Thursday, February 25, 2010

A day for remembering.....

This is just an incredibly sad day for me.  Thank heavens the sun is shinning.  Mike's & my good friend, Don Estell, was killed Sun. night in a plane crash in St. Louis.  Don was a fraternity brother of Mike's and a really good friend and I just can't believe both of these men are gone.  They were both such a giant presence on this earth that all of us who were close to them are feeling such a giant whole in our universe. 

Don married Linda probably a year after Mike and I were married.  We were all in college together and since the guys were in the same fraternity, we spent lots of time together.  The guys were both wild and crazy and everytime I've thought of Don the last few days, I've gotten a smile on my face.  So many stories come to mind of things they did that young men do when they've had a few beers and no fear of anything.  It's so strange how they both grew to be such responsible adult men who loved and took such good care of their families.  They both loved talking about their kids and then to have seen them as grandfathers was incredible.  Where does the time go?

Today I'm especially thinking of Linda.  They had such plans.  They loved to travel and to be on the ocean and he talked of getting a place in Costa Rica when he could finally pry Linda away from her grandchildren.  We're too young to have to give up on those dreams.

 Allison told me this week about their lesson in bible study and it's really made me do a lot of thinking.  She said God does not make bad things happen nor does he try to stop them, but He does bring incredible joy afterward if you just open your heart to him.  I know this to be true because I've felt incredible happiness since Mike died mainly because of the life that Mike & I made together.  All the things in my life that remind me of him are the very things that bring me incredible joy.  When I hear our grandkids speak so openly about Grampa and their love for him, I have incredible joy.  Sometimes they're sad because they miss him but I know that's only because they felt his love.  And I have our Allison.  She brings me such incredible joy. 

When I have my sad times, I think of how Mike would hate for me to waste one minute with regrets.  He would want me to live for the both of us and I think I'm doing that.  He's almost always with me and one thing of which I'm certain is that he wanted me to be happy.  I'm hoping that Linda will see that when the initial shock is over and be able to go on with her dreams.  Don would so want that for her because he certainly lived his life to the fullest.

11 comments:

Mindy said...

Oh Jan, I'm sorry for the loss of yours and Mike's friend.
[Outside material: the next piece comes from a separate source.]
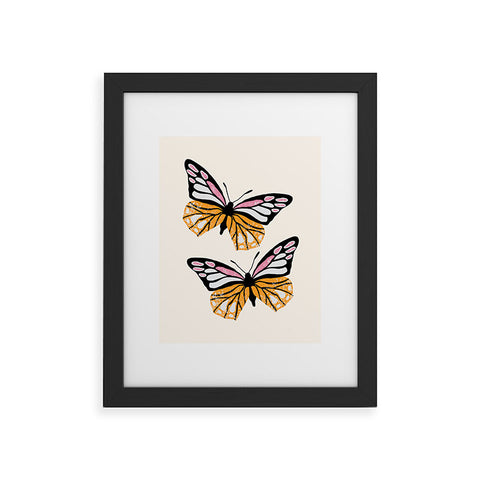 Insvy Design Studio ButterflyPink Yellow Framed Art Print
What a reunion they must be having, huh? I'm so glad you smile with your memories. ~Mindy

Jodie (everything vintage) said...

Oh Jan, I came by to thank you for the sweet comment you left me yesterday, and I'm so sad to read this. Your heart is so heavy and I'm so sad you hurt inside. Such an unexpected tragedy, I'm so sorry.
If it makes you feel any better, I really enjoyed your visit yesterday and you uplifted my spirits with your sweet comment. Thank you for your words of encouragement. I wish there was something I could say to make you feel better...

dulcy said...

So sorry Jan.........

xo
dulcy

Debra@CommonGround said...

Jan, such a tragedy, I hope you will be able to convey these wise and heartfelt thoughts to your friend. Our memories are sweet of our loved ones, and God surely does bless us when we turn to Him.
love,
Debra

Susan said...

After you called me the other night I was thinking the same thing that Mindy said... what a reunion Mike and Don must have had!!!
I think so much about the life you have without Mike, and I know he has to be so proud of you and all that you've accomplished. I know I sure am. Love you!

Simply Iowa said...

Hi Jan...
I am so very sorry for your loss...
It sounds like your friend, had a wonderful life, and the love of his life... And your love, and friendship... What gifts... When I have lost, loved ones, in my life, Faith has always carried me through... Just knowing, in my heart, that our time here, is so very short, a blink, really, to God, but our Home, awaits us, with our loved ones, for eternity... We must do our best, here, to enjoy life, and share with others, and bring as much joy as we can, to others.... Sounds like these Men, did a wonderful job, with that... We don't know, for sure, what happens, when we leave this Earth, Like you, I feel the presence of my Dad, sometimes, right here, at my side... I know Dad will be there to meet me, when my work is done, here...at a Heavenly Home, where there is no 'age', or illnesses, just peace, and Love...
My Prayers are with you, and yours...
Barb C.

A Wild Thing said...

This has been an interesting year with so many souls going home...I see the God spirit and the Christ spirit in so many souls today...we just have to learn that we are only here long enough to learn the lessons, death is not a horrible condition that we all are afflicted with, it is a higher consciousness that we all seek...a goodness of being in all man, some just choose to leave earlier...it's not a bad thing, only for those who won't release.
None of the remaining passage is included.